EXERCISE DESCRIPTION
Unless it is a picture, every line from the start of the entries through the line with "Evolución de las TIC" must be retyped exactly.

*** Opening of AVAILABLE DATA ***

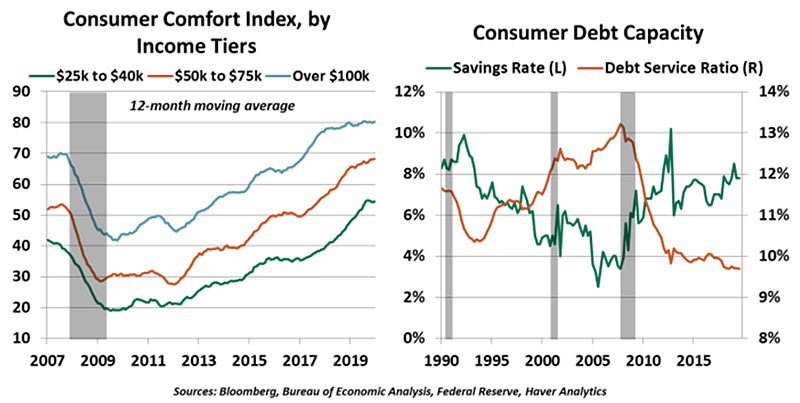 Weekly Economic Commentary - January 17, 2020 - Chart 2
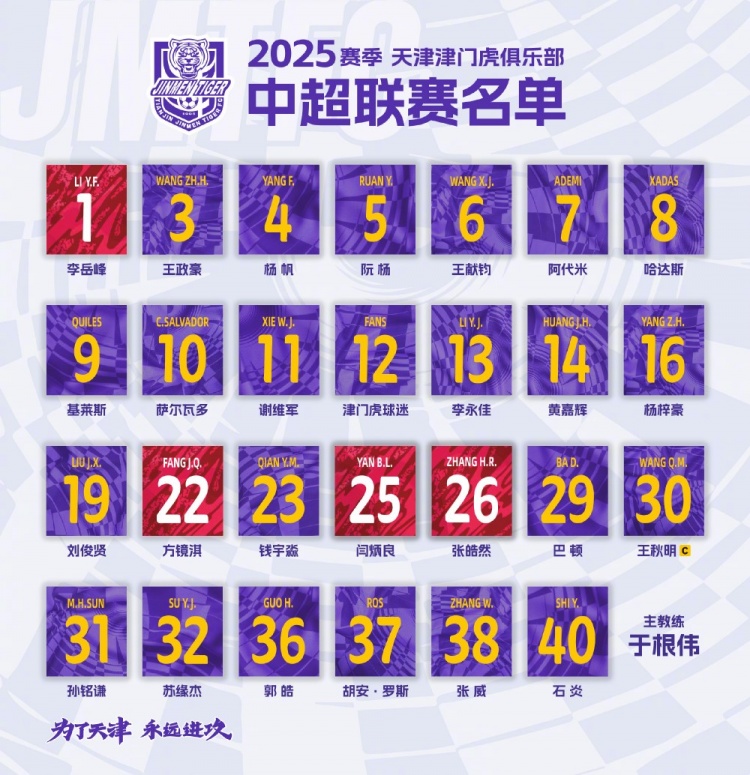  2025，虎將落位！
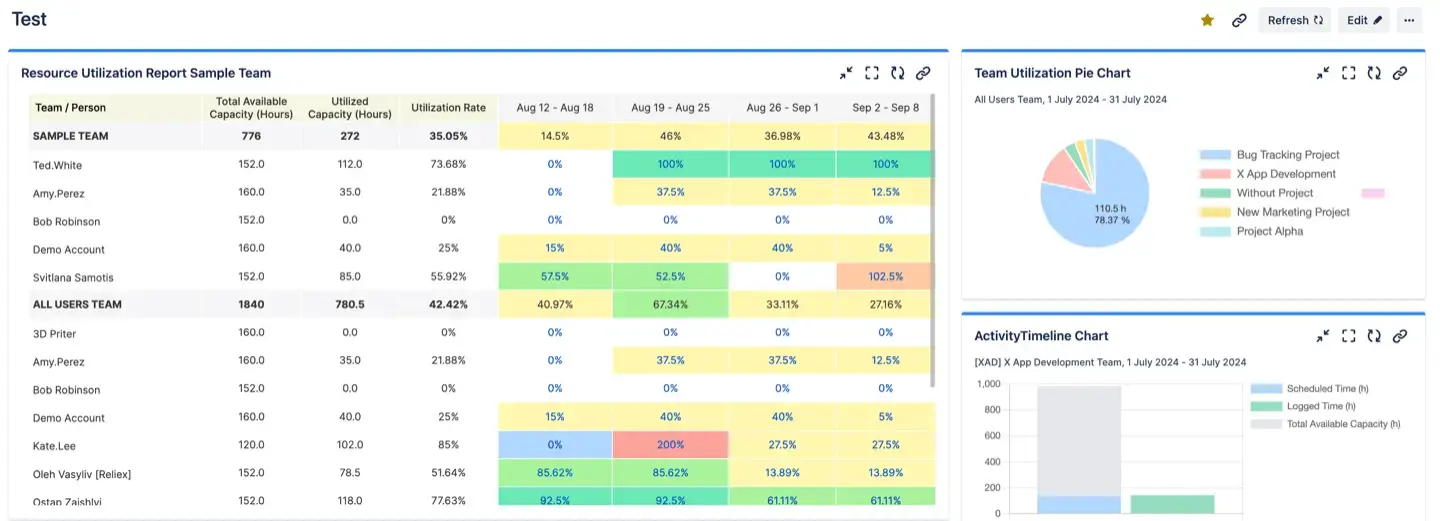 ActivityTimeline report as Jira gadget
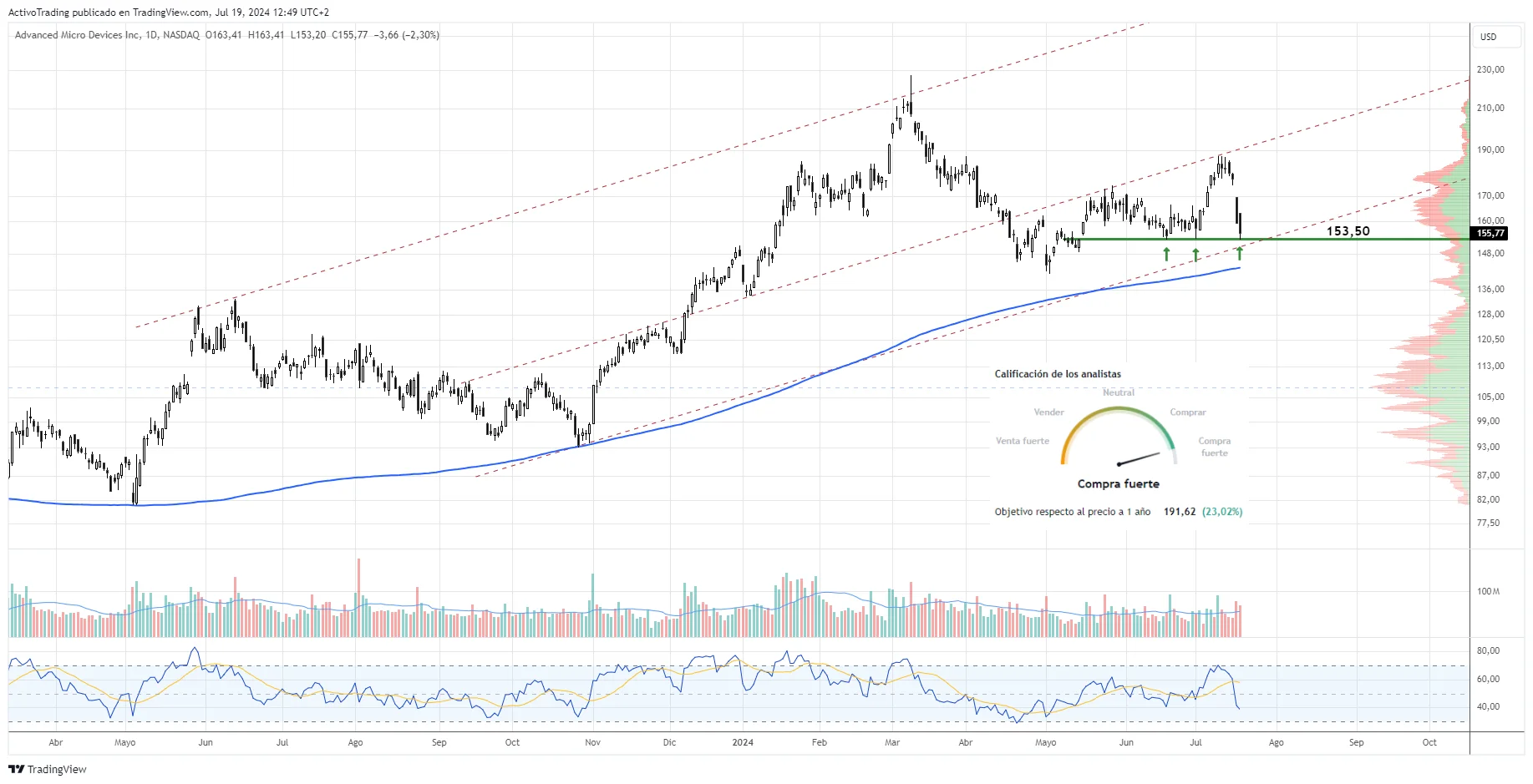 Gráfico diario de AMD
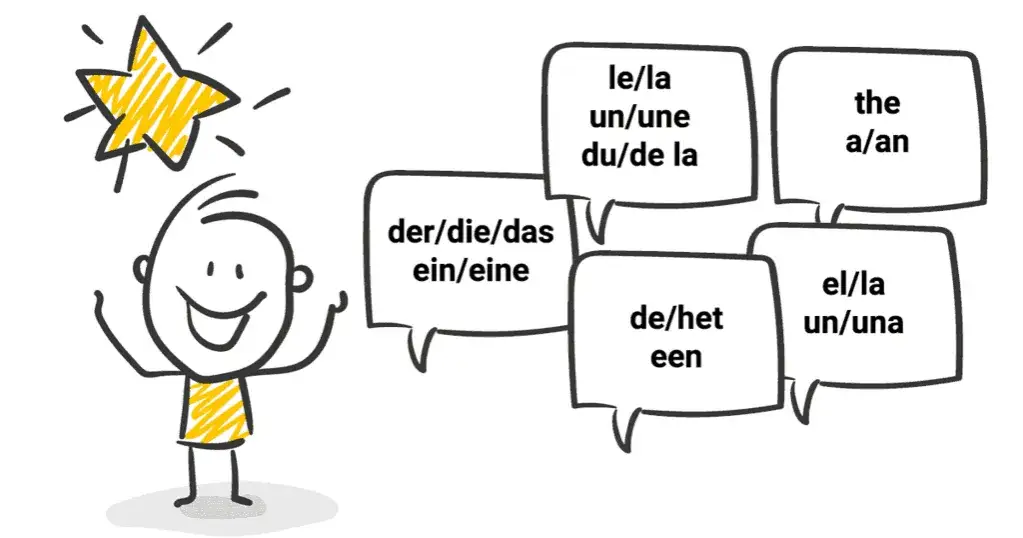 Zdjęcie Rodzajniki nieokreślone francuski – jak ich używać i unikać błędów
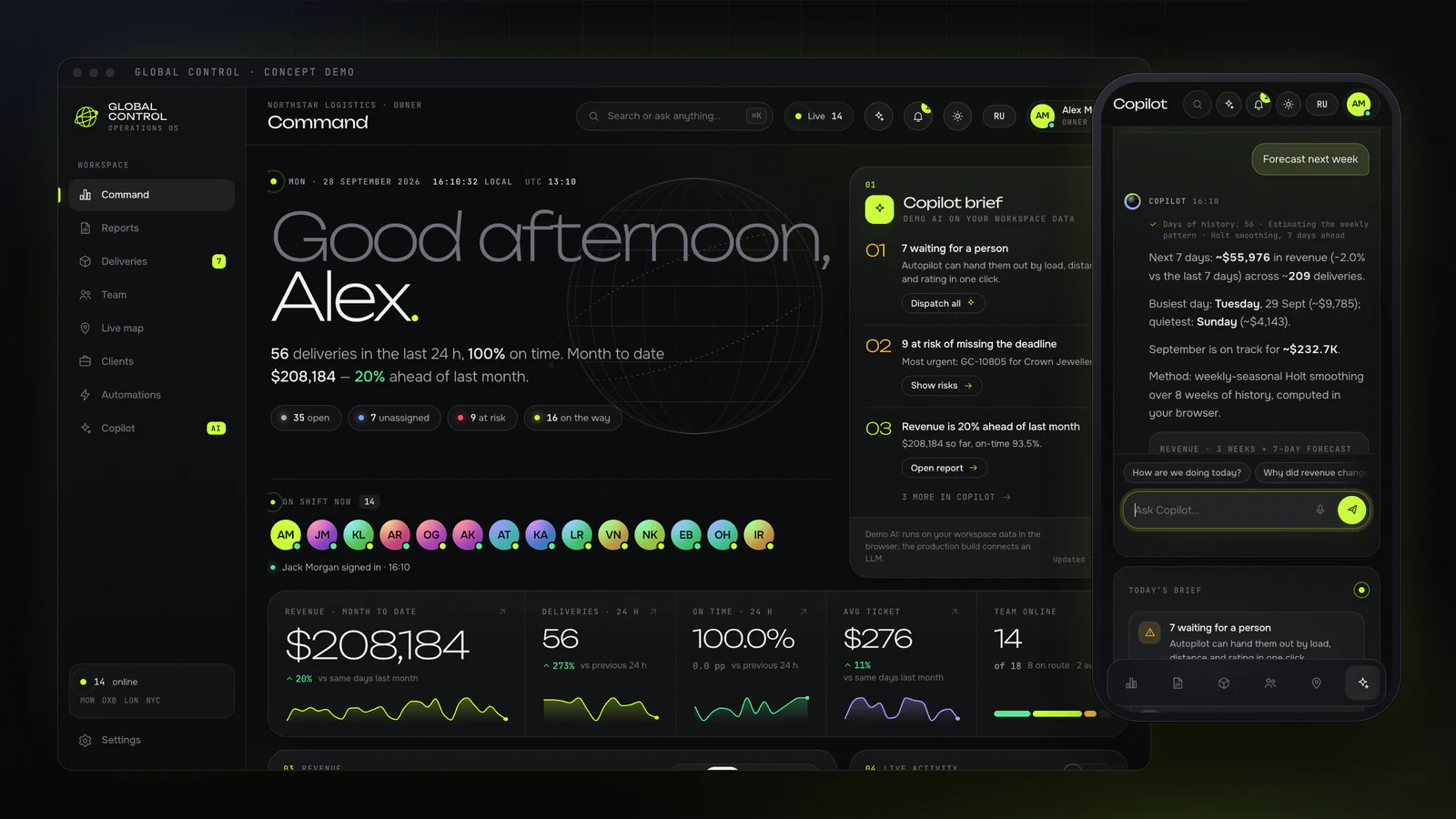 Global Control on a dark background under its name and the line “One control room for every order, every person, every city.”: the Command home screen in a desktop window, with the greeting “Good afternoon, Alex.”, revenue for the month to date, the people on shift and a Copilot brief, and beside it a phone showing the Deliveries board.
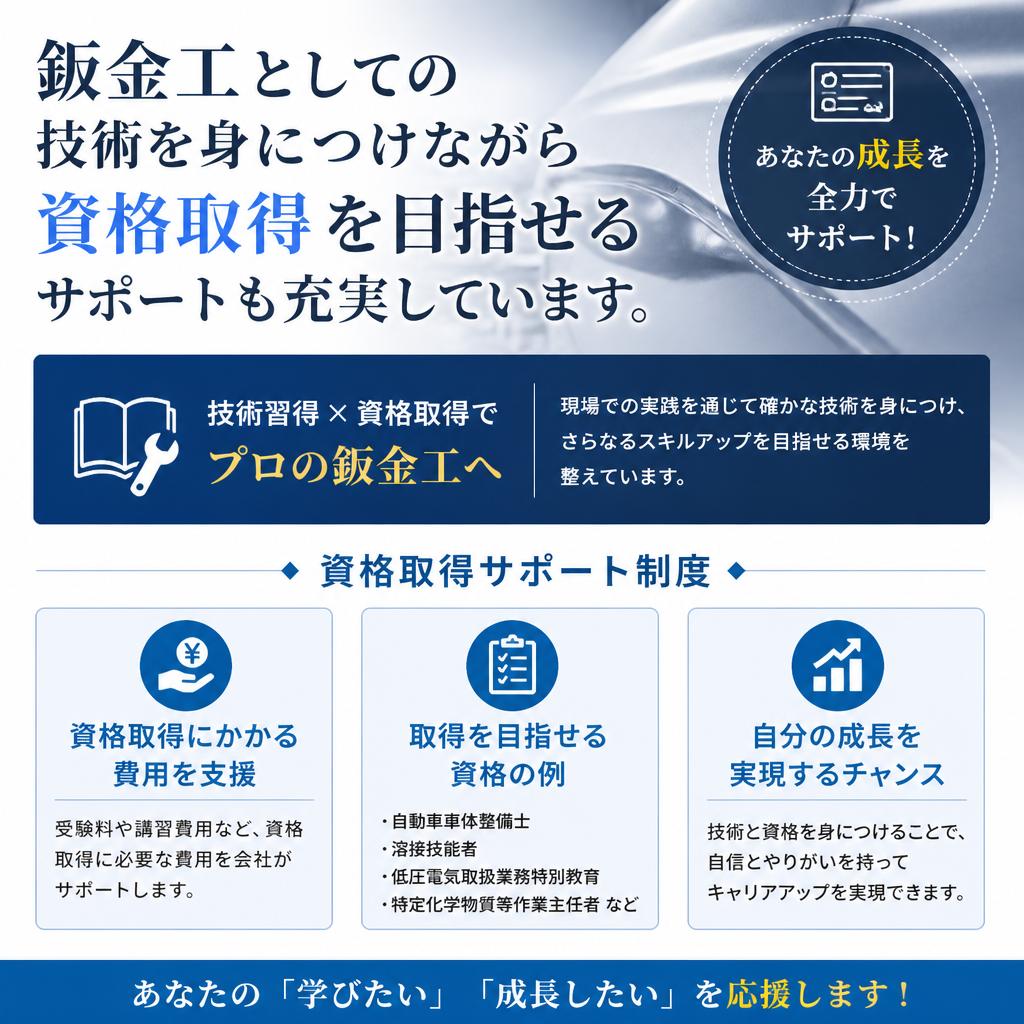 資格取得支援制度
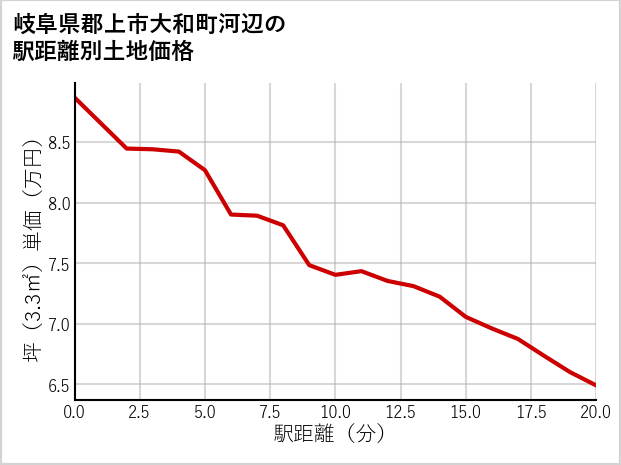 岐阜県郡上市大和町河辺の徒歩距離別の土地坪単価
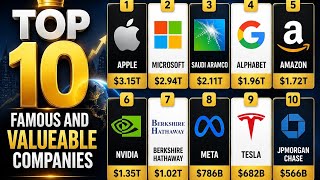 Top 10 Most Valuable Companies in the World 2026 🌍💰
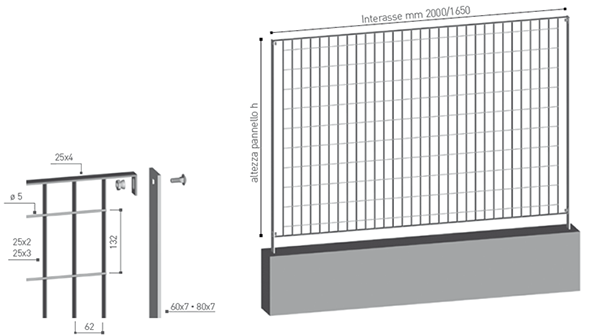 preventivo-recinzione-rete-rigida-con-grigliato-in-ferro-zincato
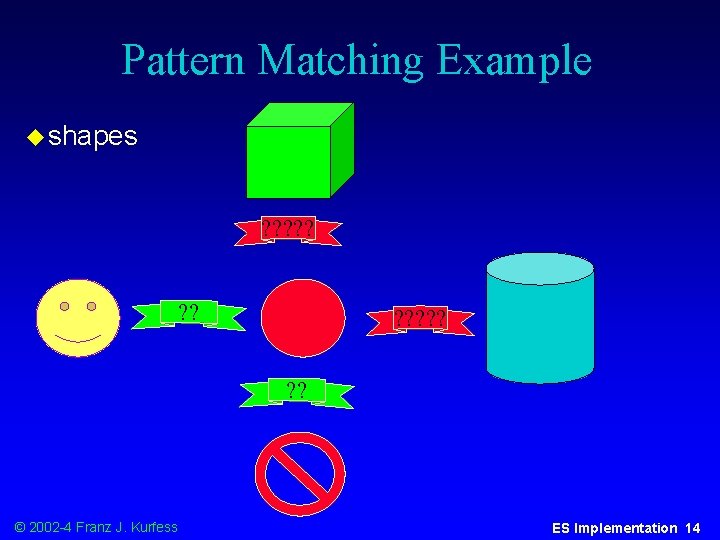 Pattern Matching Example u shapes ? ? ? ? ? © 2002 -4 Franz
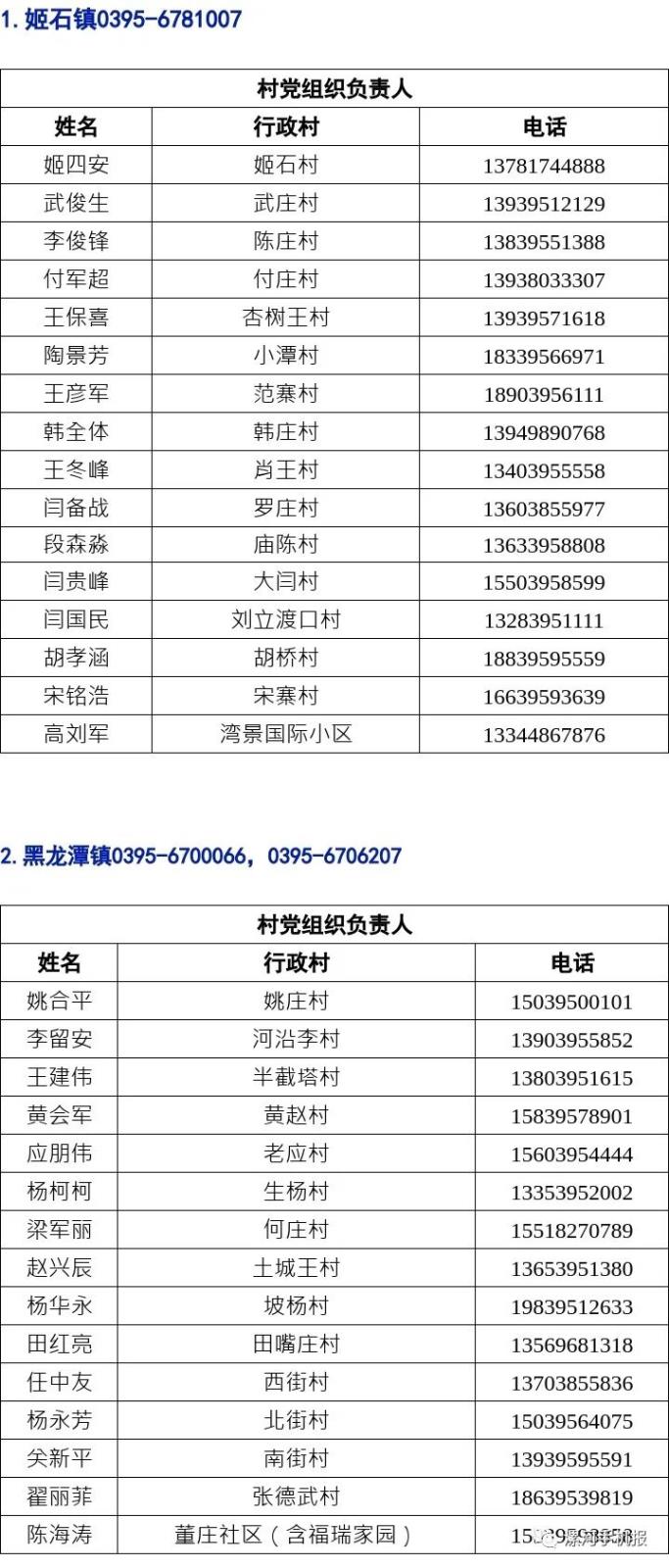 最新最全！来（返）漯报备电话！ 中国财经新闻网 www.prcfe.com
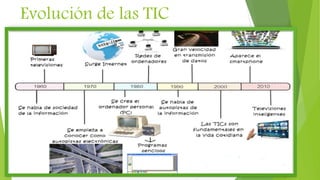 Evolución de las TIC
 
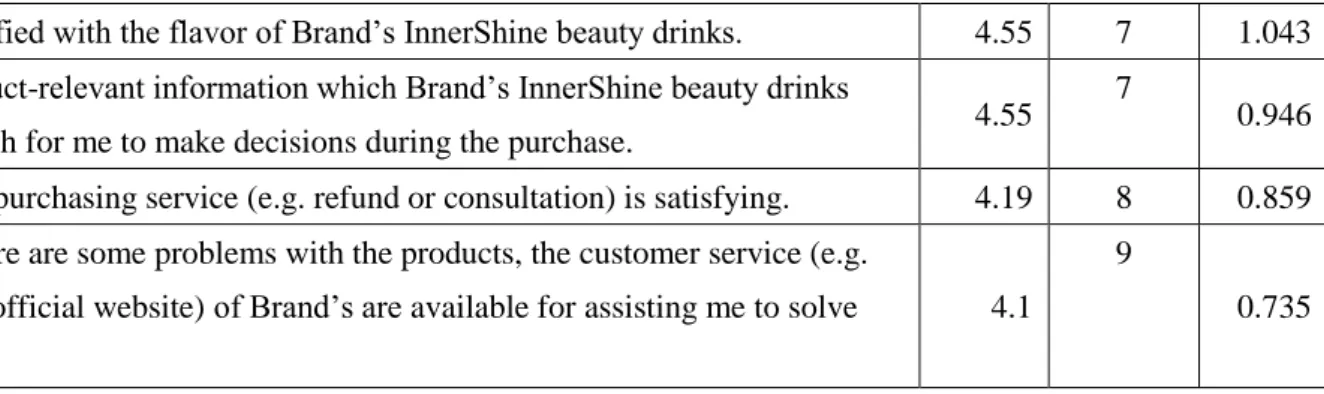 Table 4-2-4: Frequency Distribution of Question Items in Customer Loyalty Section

*** Close of AVAILABLE DATA ***

RESULT
 Weekly Economic Commentary - January 17, 2020 - Chart 2
  2025，虎將落位！
 ActivityTimeline report as Jira gadget
 Gráfico diario de AMD
 Zdjęcie Rodzajniki nieokreślone francuski – jak ich używać i unikać błędów
 Global Control on a dark background under its name and the line “One control room for every order, every person, every city.”: the Command home screen in a desktop window, with the greeting “Good afternoon, Alex.”, revenue for the month to date, the people on shift and a Copilot brief, and beside it a phone showing the Deliveries board.
 資格取得支援制度
 岐阜県郡上市大和町河辺の徒歩距離別の土地坪単価
 Top 10 Most Valuable Companies in the World 2026 🌍💰
 preventivo-recinzione-rete-rigida-con-grigliato-in-ferro-zincato
 Pattern Matching Example u shapes ? ? ? ? ? © 2002 -4 Franz
 最新最全！来（返）漯报备电话！ 中国财经新闻网 www.prcfe.com
 Evolución de las TIC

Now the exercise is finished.